A finite algebra $(X,*,1)$ is a reduced Laver-like algebra if it satisfies the identities $x*(y*z)=(x*y)*(x*z)$ and if there is a surjective function $\mathrm{crit}:X\rightarrow n+1$ where
$\mathrm{crit}(x)=n$ if and only if $x=1$
$\mathrm{crit}(x*y)=\mathrm{crit}(y)$ whenever $\mathrm{crit}(y)<\mathrm{crit}(x)$, and
$\mathrm{crit}(y)<\mathrm{crit}(x*y)$ whenever $\mathrm{crit}(x)\leq \mathrm{crit}(y)<n$.
The number $n+1$ and the function $\mathrm{crit}$ are uniquely determined by $(X,*,1)$. If $\mathrm{crit}:X\rightarrow n+1$, then we say that $X$ has $n+1$ many critical points.
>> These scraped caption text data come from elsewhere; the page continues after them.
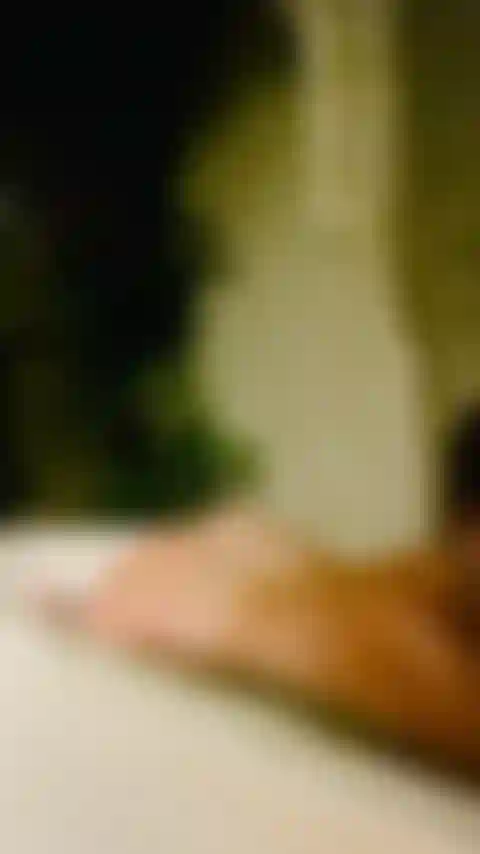 Chapoteando en la bañera.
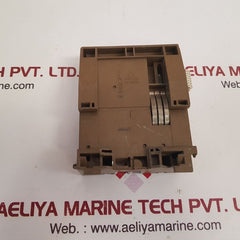 Siemens 6Es5 700-8Ma11 Simatic S5 Bus Module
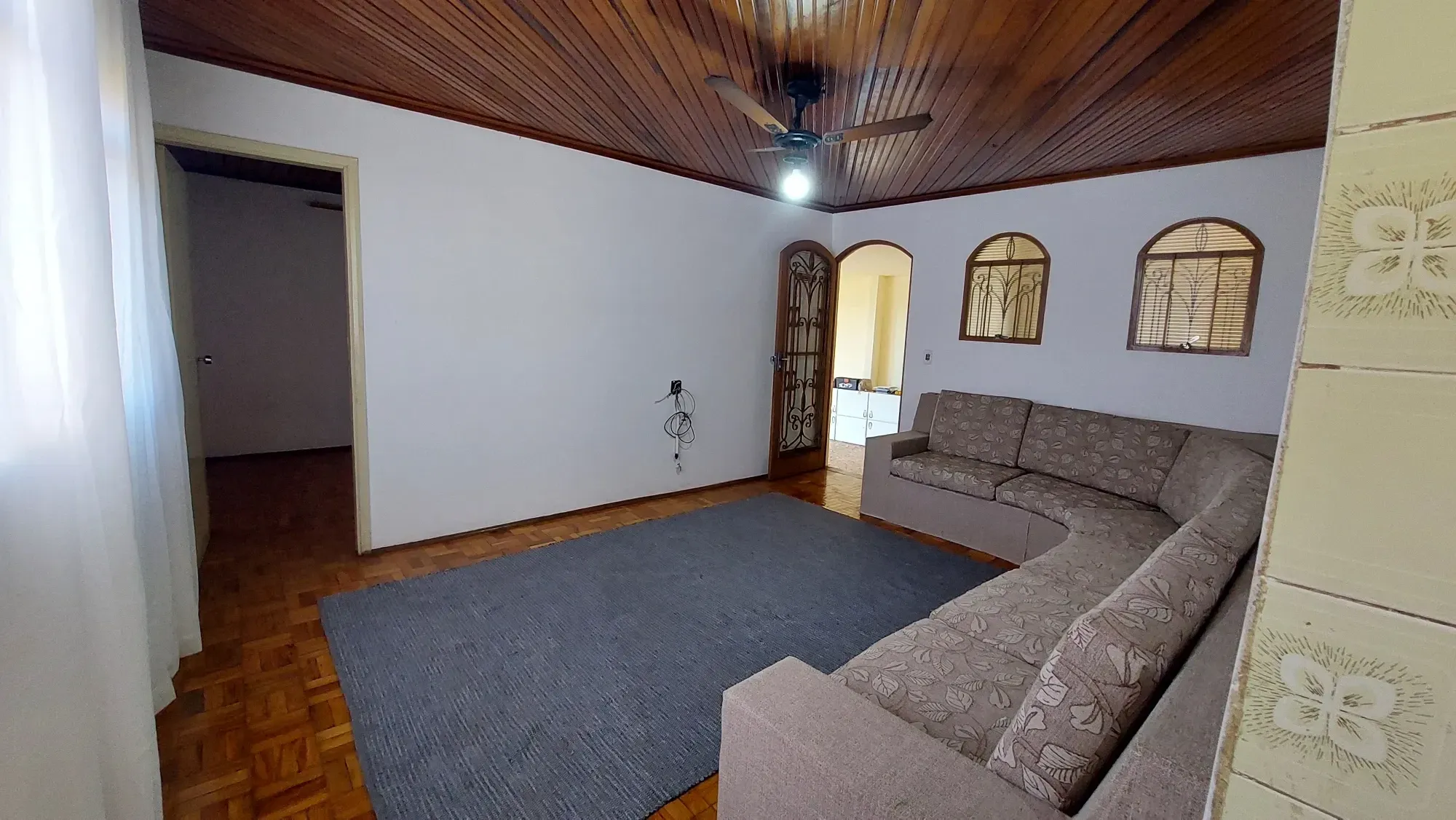 Imagem Casa com 3 Quartos à Venda, 172 m² em Núcleo Residencial Presidente Geisel - Bauru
If $x\in X$, then define a mapping $x^{\sharp}:n+1\rightarrow n+1$ by letting $x^{\sharp}(\mathrm{crit}(y))= \mathrm{crit}(x*y)$.
Suppose that $\mathcal{X}=((X_{n})_{n\in\omega},(\phi_{n,m})_{n\geq m})$ is an inverse system of finite Laver-like algebras where each $X_{n}$ has $n+1$ many critical points, each transitional mapping $\phi_{n,m}$ is surjective, and where if $c\in X_{n}$ and $\mathrm{crit}(c)=n-1$, then $\phi_{n,n-1}(x)=\phi_{n,n-1}(y)$ if and only if $c*x=c*y$.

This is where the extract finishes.